6102 sayılı Türk Ticaret Kanunu (TTK)’nın 3. maddesi hükmüne göre, bu Kanunda düzenlenen hususlarla bir ticari işletmeyi ilgilendiren bütün işlem ve fiiller ticari işlerdendir. Bir işin ticari veya adi olması, farklı kuralların uygulanmasını gerektirir. Bir işin ticari olup olmadığını kanunda öngörülen kurallar uyarınca saptamak gerekir. Eğer iş ticari ise özel ticari kuralların uygulanması zorunlu olur. Ticari işletmeyi ilgilendiren bütün işler, yani haklı veya haksız fiil yahut işletmeyi ilgilendiren her iş ayrık durumlar dışında ticari iş sayılır. Bu işler, eğer bir ticari işletmeyi ilgilendirmiyorsa ticari iş sayılmazlar (ERİŞ Gönen, Gerekçeli- Açıklamalı- İçtihatlı 6335 Sayılı Kanunla Güncellenmiş Yeni TTK Hükümlerine Göre Ticari İşletme ve Şirketler Ticaret Sicili Yönetmeliği ve İlgili Tebliğler, Seçkin Yayınevi, 1. Baskı, Mart 2013, 1. Cilt, Sh, 323).

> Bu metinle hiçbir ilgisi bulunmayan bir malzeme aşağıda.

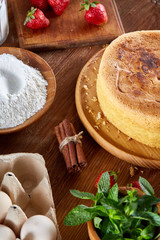 Baking background with strawberry tart covered with whipped sour cream, ingredients over wooden background.
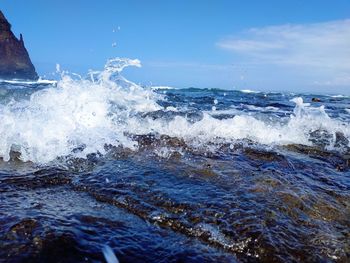 Waves splashing in sea against sky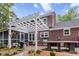Stunning brick home featuring a white pergola, an outdoor kitchen, and a screened-in porch at 312 E Shepard Ln, Summerville, SC 29483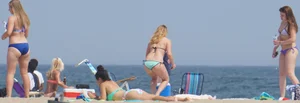 Cute girls in light blue and purple bikinis on the beach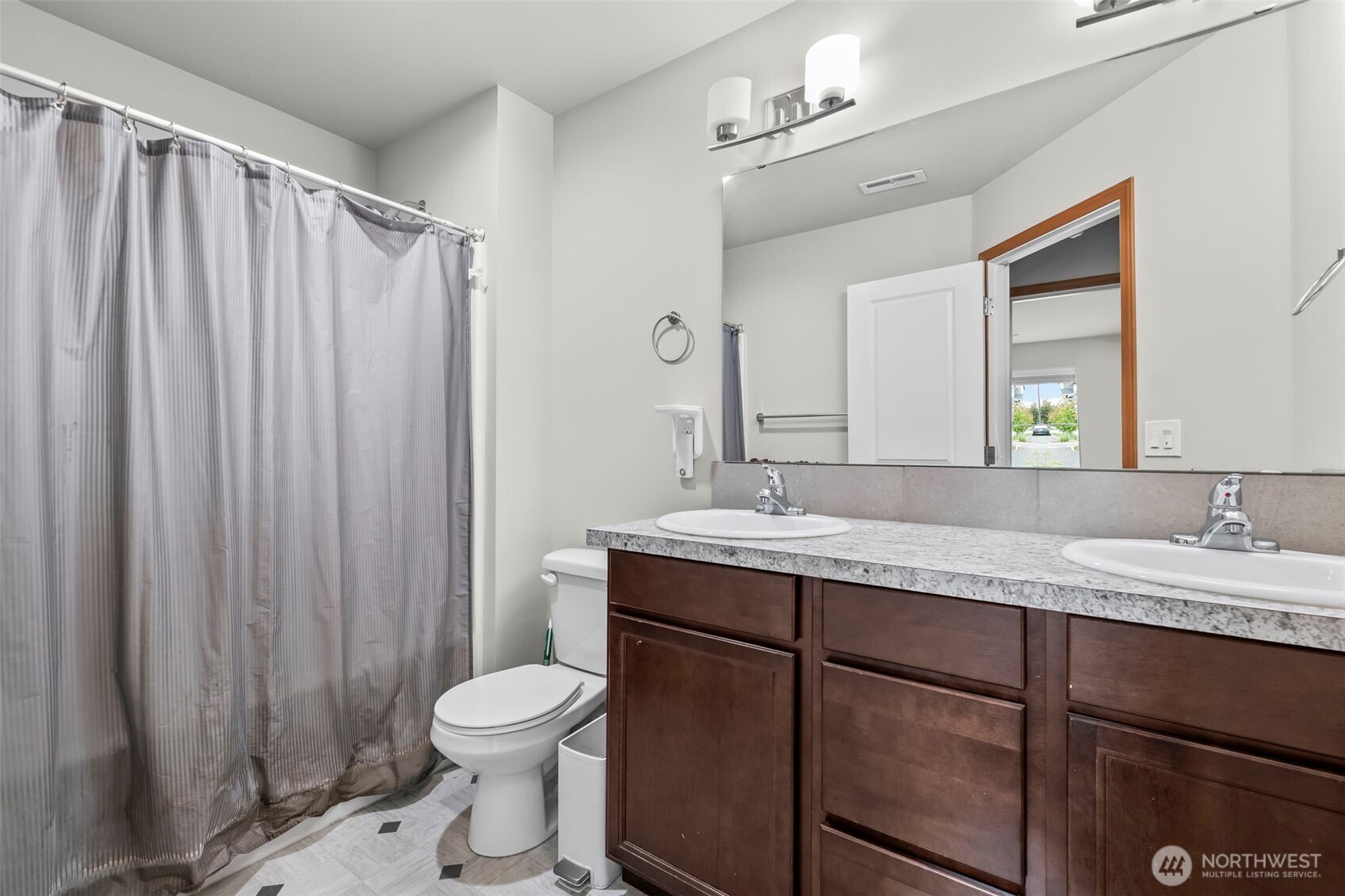 2540 Filbert Avenue Bremerton, WA 98310 - Photo 19 of 28 a bathroom with a granite countertop sink toilet and a mirror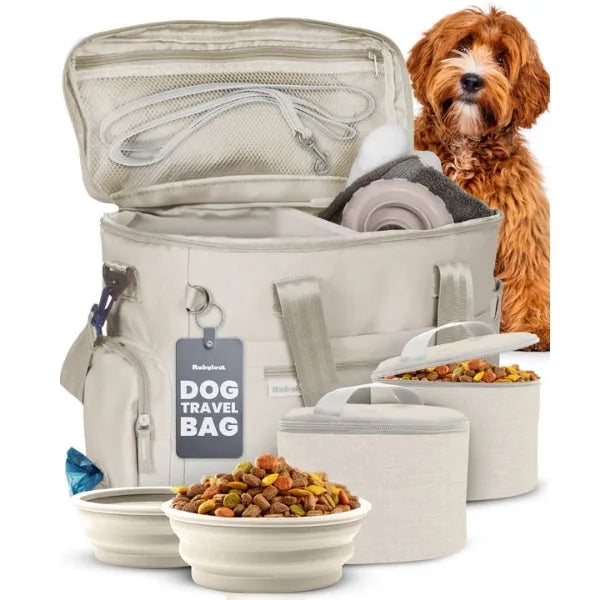 Light beige dog travel bag with collapsible bowls, food containers, and a fluffy dog in the background.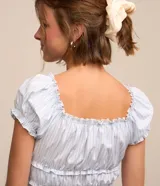 Blusa corta de tricolina a rayas celestes y blancas, con escote elástico, mangas cortas abullonadas con frufrú y fruncido en el bajo.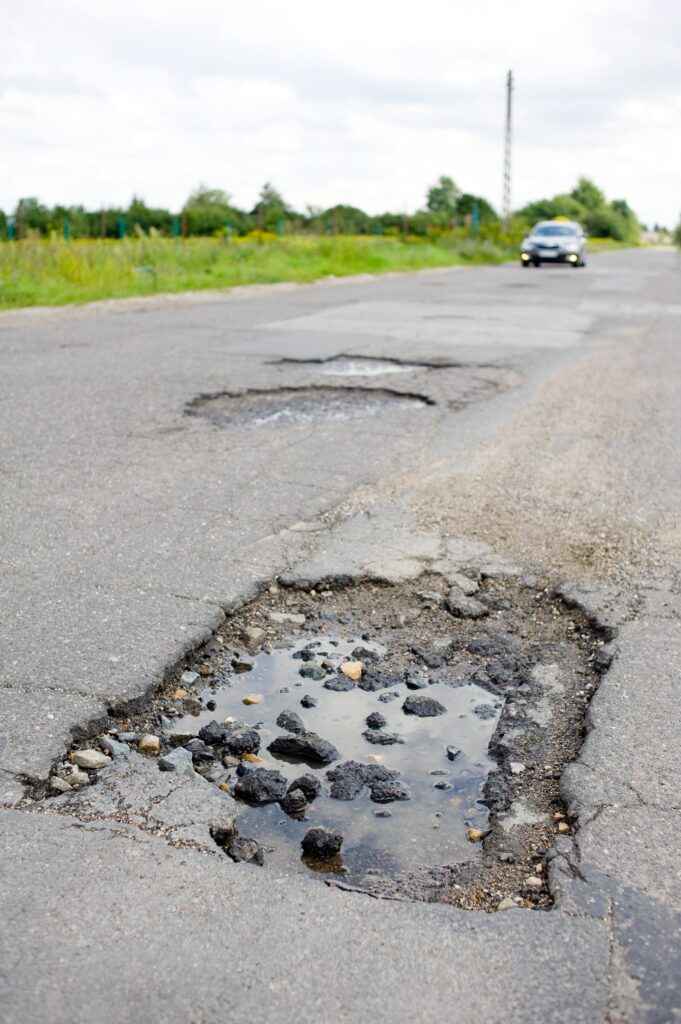 asphalt paving damage and pavement failure on a road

Ticari davalar ise aynı Kanunun 4/1 maddesinde tanımlanmıştır. Bu maddeye göre, her iki tarafın da ticari işletmesiyle ilgili hususlardan doğan hukuk davaları ile ticari nitelikteki çekişmesiz yargı işleri ve tarafların tacir olup olmadıklarına bakılmaksızın Türk Medenî Kanununun, rehin karşılığında ödünç verme işi ile uğraşanlar hakkındaki 962 ilâ 969 uncu maddelerinde, 6098 sayılı Türk Borçlar Kanunu’nun malvarlığının veya işletmenin devralınması ile işletmelerin birleşmesi ve şekil değiştirmesi hakkındaki 202 ve 203, rekabet yasağına ilişkin 444 ve 447,  yayın sözleşmesine dair 487 ilâ 501, kredi mektubu ve kredi emrini düzenleyen 515 ilâ 519, komisyon sözleşmesine ilişkin 532 ilâ 545, ticari temsilciler, ticari vekiller ve diğer tacir yardımcıları için öngörülmüş bulunan 547 ilâ 554, havale hakkındaki 555 ilâ 560, saklama sözleşmelerini düzenleyen 561 ilâ 580 inci maddelerinde; fikrî mülkiyet hukukuna dair mevzuatta; borsa, sergi, panayır ve pazarlar ile antrepo ve ticarete özgü diğer yerlere ilişkin özel hükümlerde ve bankalara, diğer kredi kuruluşlarına, finansal kurumlara ve ödünç para verme işlerine ilişkin düzenlemelerde öngörülen hususlardan doğan hukuk davaları ticari dava sayılır. Bu maddeye göre bir davanın ticari dava sayılabilmesi için tarafların her ikisinin tacir olması ve uyuşmazlığın her iki tarafın ticari işletmesiyle ilgili hususlardan doğması veya ticari nitelikte çekişmesiz yargı işi olması veyahut da açılan davanın maddede altı bent halinde sayılan davalardan olması gerekir. Taraflardan biri tacir değilse veya tacir olmasına rağmen uyuşmazlığın ticari işletmeyle ilgisi yoksa ticari davanın varlığından söz edilemez.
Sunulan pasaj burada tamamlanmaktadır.